> [Instructions to follow]: When you reach the line containing "hollister floral shorts", begin reproducing the lines exactly and continue through the end of the listing, leaving out the pictures.

> [Raw data]:
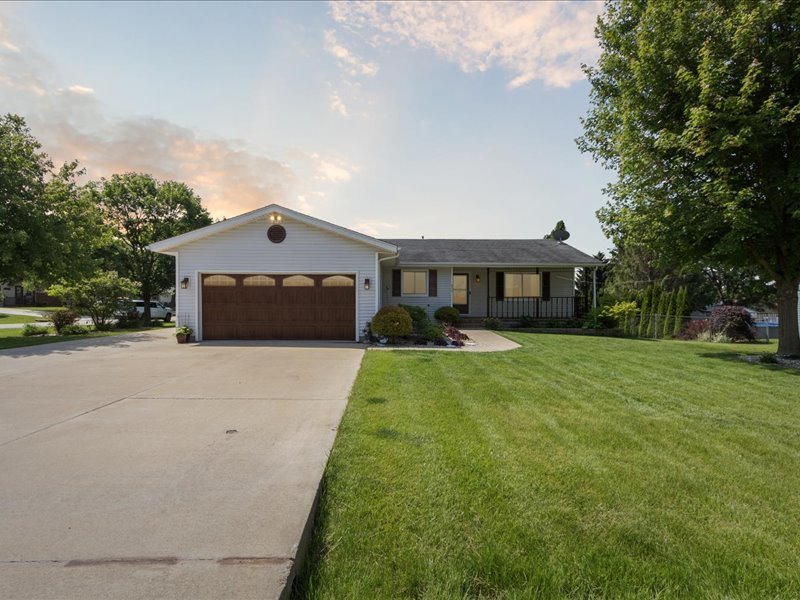 435 Cedar Crest Drive Property Photo 1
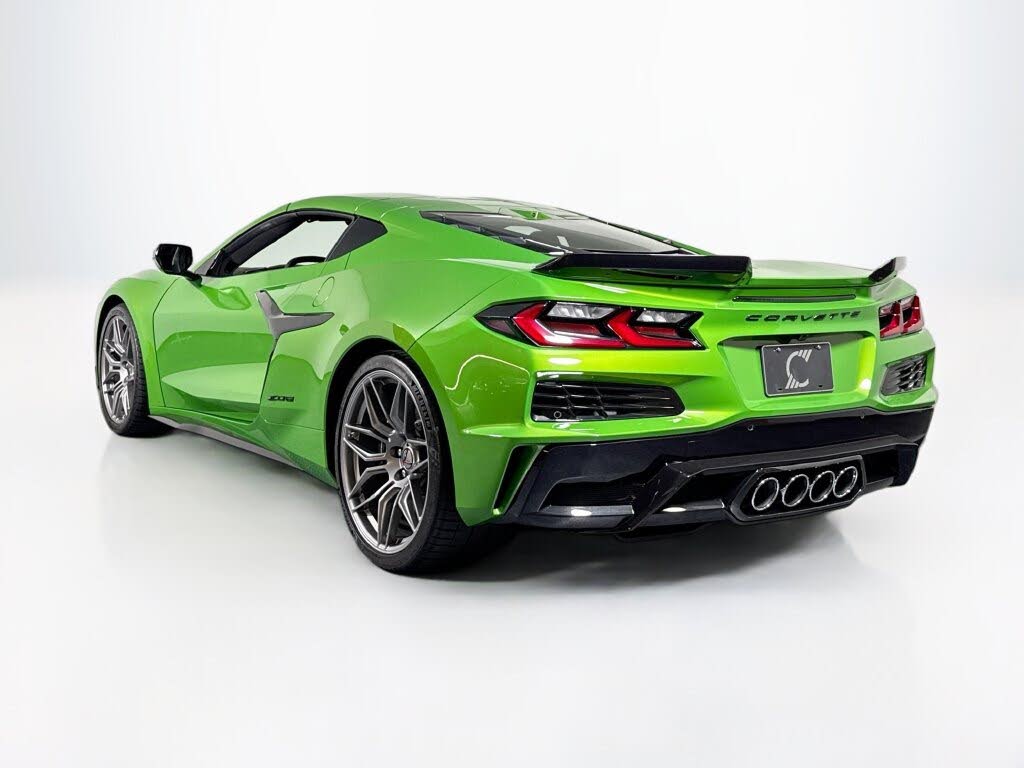 2026 Chevrolet Corvette Z06 1LZ Coupe RWD photo 3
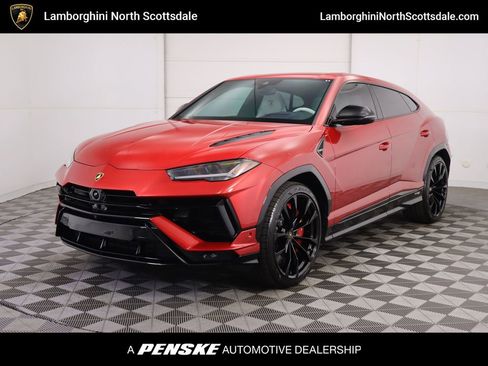 Used 2024 Lamborghini Urus S image 1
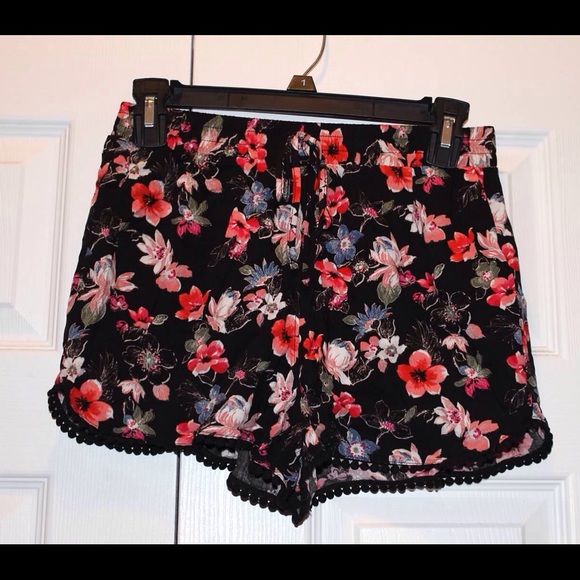 hollister floral shorts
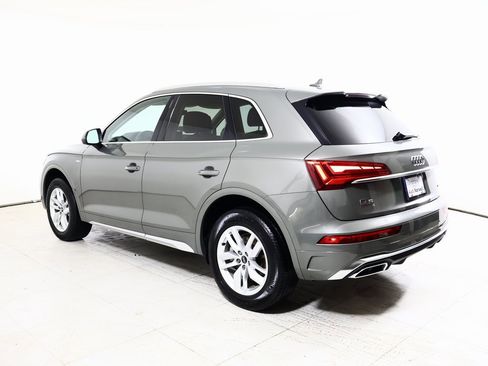 Used 2023 Audi Q5 2.0T Premium w/ Convenience Package image 13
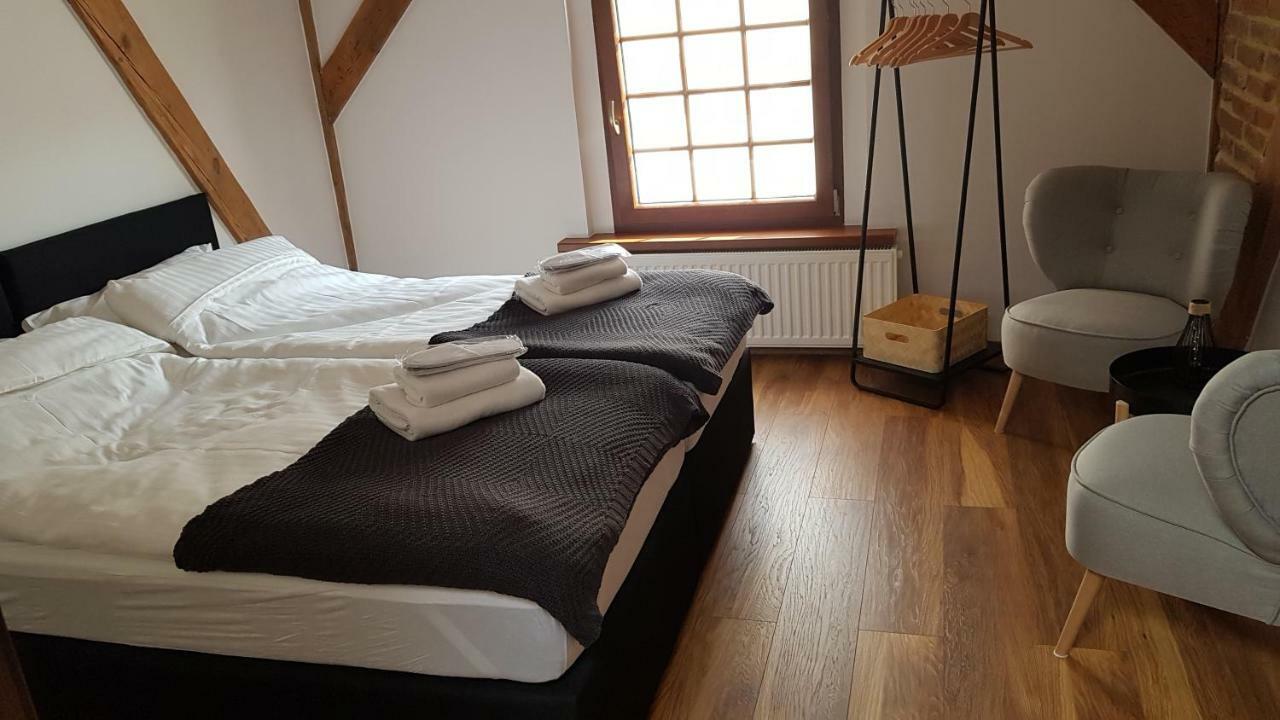 Miodosytnia Hotell Chwarszczany Eksteriør bilde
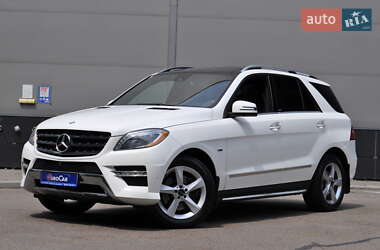 Внедорожник / Кроссовер Mercedes-Benz M-Class 2013 в Киеве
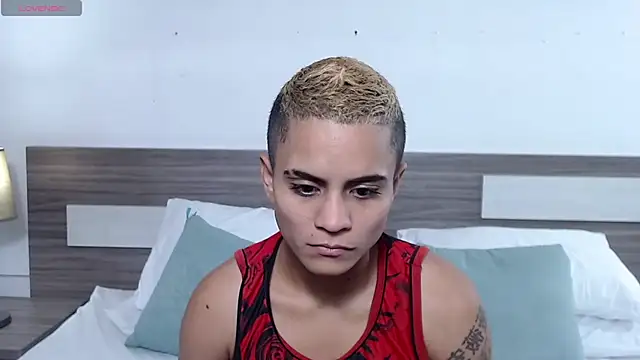 Liiamthompson online show from 17, 3, 2026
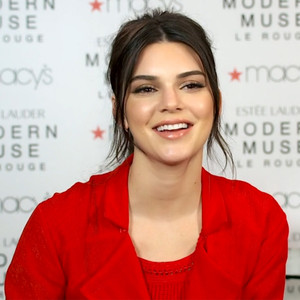 What Makes Kendall Jenner Feel Sexy Watch Now E News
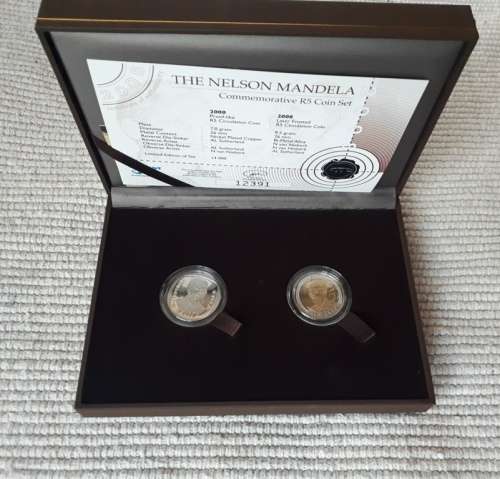 2000 Proof like & 2008 Laser frosted Nelson Mandela commemorative R5 coin set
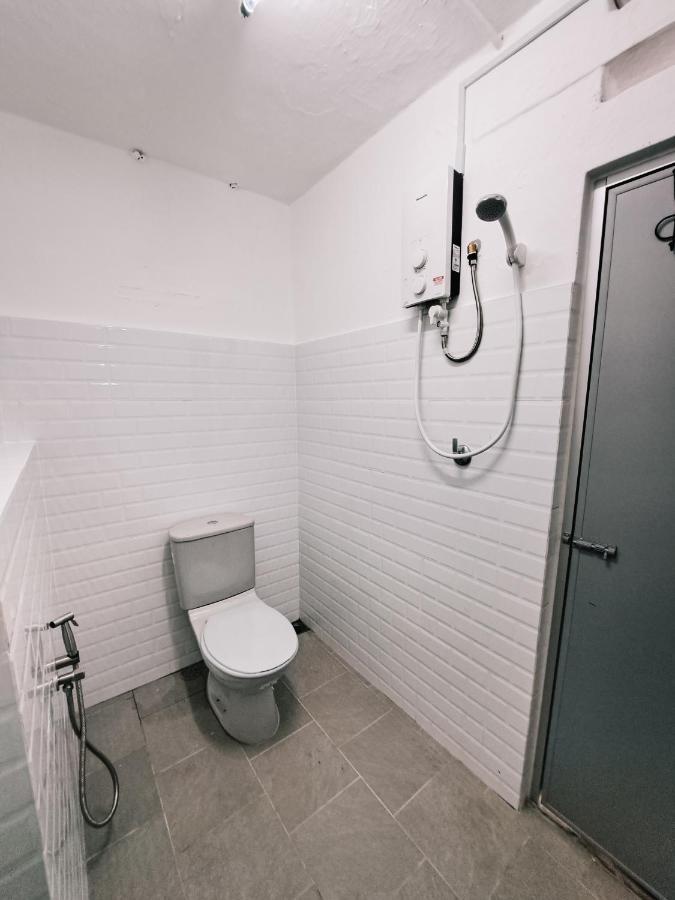 111 Hutton Lane Hostel George Town Ngoại thất bức ảnh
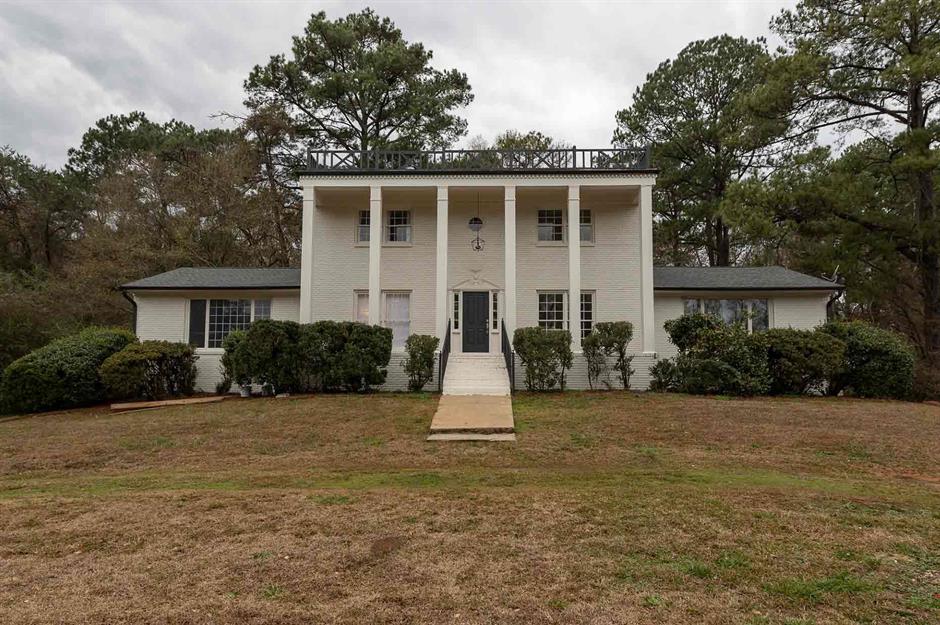 Take a final glimpse inside this enchanting time-warp home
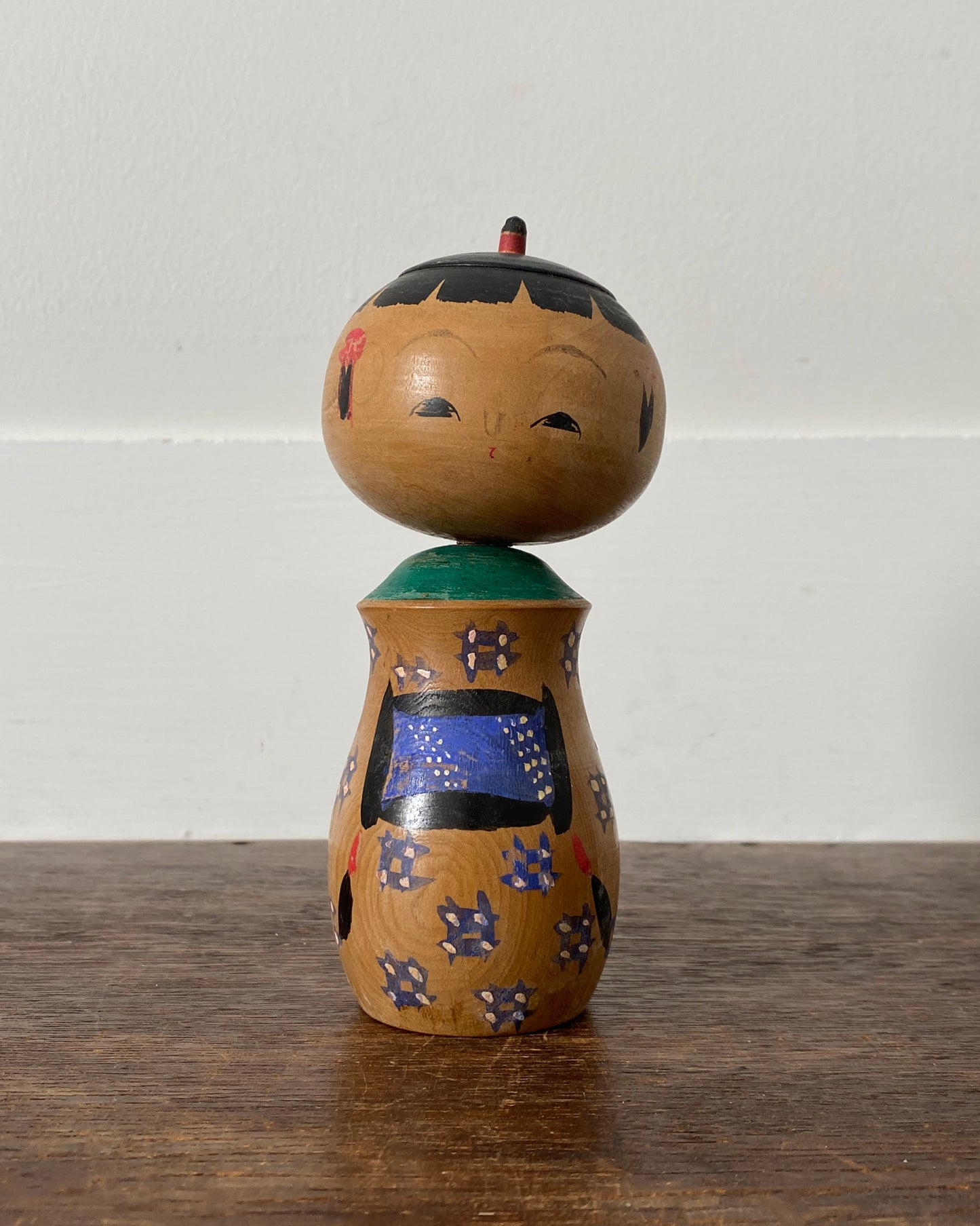 vintage blue patterned topknot kokeshi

> [Task output]:
 hollister floral shorts
 Used 2023 Audi Q5 2.0T Premium w/ Convenience Package image 13
 Miodosytnia Hotell Chwarszczany Eksteriør bilde
 Внедорожник / Кроссовер Mercedes-Benz M-Class 2013 в Киеве
 Liiamthompson online show from 17, 3, 2026
 What Makes Kendall Jenner Feel Sexy Watch Now E News
 2000 Proof like & 2008 Laser frosted Nelson Mandela commemorative R5 coin set
 111 Hutton Lane Hostel George Town Ngoại thất bức ảnh
 Take a final glimpse inside this enchanting time-warp home
 vintage blue patterned topknot kokeshi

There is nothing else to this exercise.